I have that elite crate and it’s well made crate. Noz2Noz is another quality brand and is very similar to Elite. Compare prices in these brands and choose by price. When I’m at trials I can put light weight things on top because it’s flat and sturdy.

You will use this crate for trials too if you plan to compete. It’s also handy if you travel with your dog. I bring a folding crate when I visit just to give my dog a get away spot when she needs to get away from the other pets. 

Do buy a size that your dog can sit up, lay down or stand without bumping it’s head. You may end up using it more than you realize.


----------



## reraven123 (Jul 21, 2017)

Zephyr is 24" high, I have a 36" Pet Gear crate. Very easy to set up.


----------



## Johanna (Jun 21, 2017)

Amazon carries a couple of fabric crates suitable for a standard poodle. I have two - a big one I used with my standard and a medium one I use with my miniature. They both have held up very well for some years.


----------



## TeamHellhound (Feb 5, 2021)

Whichever soft crate you decide on, practice at home with it first. The last thing you want is to use it for the first time at class, only to discover than he knows he can shred it.


----------



## AliFenrisMom (Sep 14, 2020)

Skylar said:


> I have that elite crate and it’s well made crate. Noz2Noz is another quality brand and is very similar to Elite. Compare prices in these brands and choose by price. When I’m at trials I can put light weight things on top because it’s flat and sturdy.
> 
> You will use this crate for trials too if you plan to compete. It’s also handy if you travel with your dog. I bring a folding crate when I visit just to give my dog a get away spot when she needs to get away from the other pets.
> 
> Do buy a size that your dog can sit up, lay down or stand without bumping it’s head. You may end up using it more than you realize.


The Elite looks like it has better reviews online. Though the 42 in is the largest so I think I'll get that (have 48 in at home). Though my boy is tall, his head already almost touches the top of a 48 inch crate. I noticed they don't make taller ones (I don't need longer nor can I fit longer ones at home). I do appreciate all the advice and I guess we'll see. It seems crate aren't really sized for a poodle's tallness.


----------



## AliFenrisMom (Sep 14, 2020)

TeamHellhound said:


> Whichever soft crate you decide on, practice at home with it first. The last thing you want is to use it for the first time at class, only to discover than he knows he can shred it.

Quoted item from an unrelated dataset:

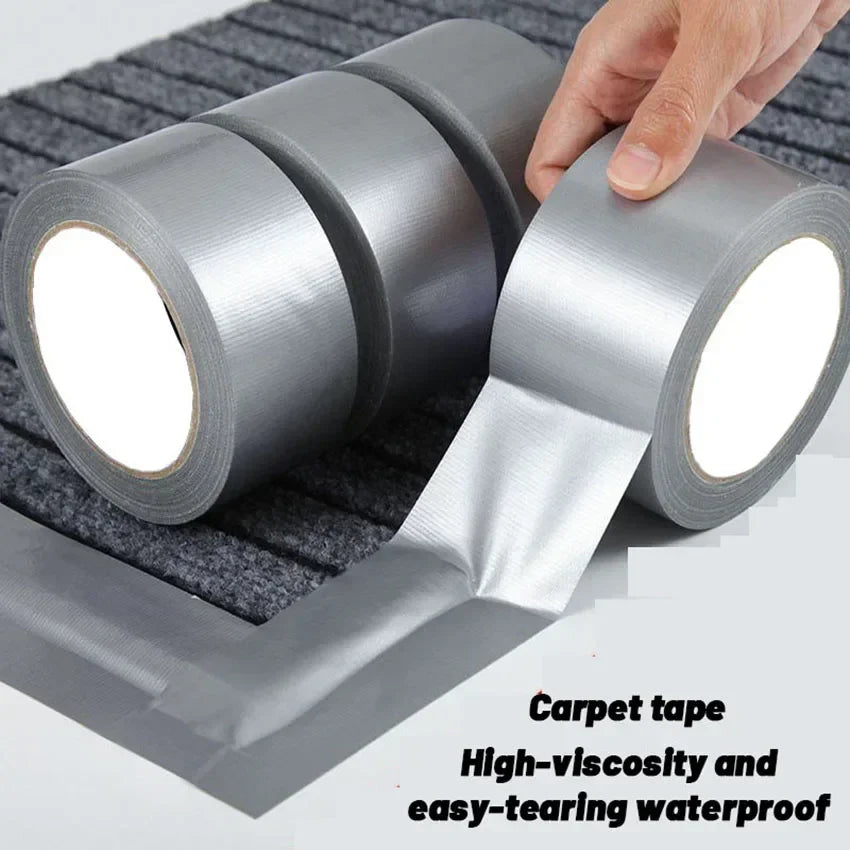 10m Thick Industrial Tape (Silver-Gray) - Single-Sided, Waterproof/Windproof, Wear-Resistant for Repair & Bundle Tasks Qme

The class starts in about 2 weeks which is why I am looking for a crate now. I do plan to practice beforehand.


----------



## scooterscout99 (Dec 3, 2015)

This is a tough decision as you won't know if you've made the right one until afterward.

I have a 36" wire crate behind the front seat of my Subaru, with small pieces of 4"x4" wood on the floor to keep it from wobbling. While I have 42" crates at home, the smaller crate is fine for a few hours training. One of my friends uses wire crates for both of her GR dogs, using a portable cart to move them between the car and training facility (she's in her 70s and manages this fine). 

I agree with the comment about being certain that your dog won't chew the fabric crate before using it out and about. My dog is especially excited at agility and has been known to chew even his wire crate. He scratched holes in the screen door of his first soft side crate (36" from PetsMart). I put a pause on that idea, and about a year later sprung for the Noz2Noz (42") and he's chewed the fabric along the bottom; I believe that was around $150 new. He's 5 years old.

The crate discussion came up at today's agility practice, as one of our members has a new puppy and wants to introduce him to a canvas crate while at the training facility. One person present said she'd never put a puppy in a soft side crate, but wait for a little maturity.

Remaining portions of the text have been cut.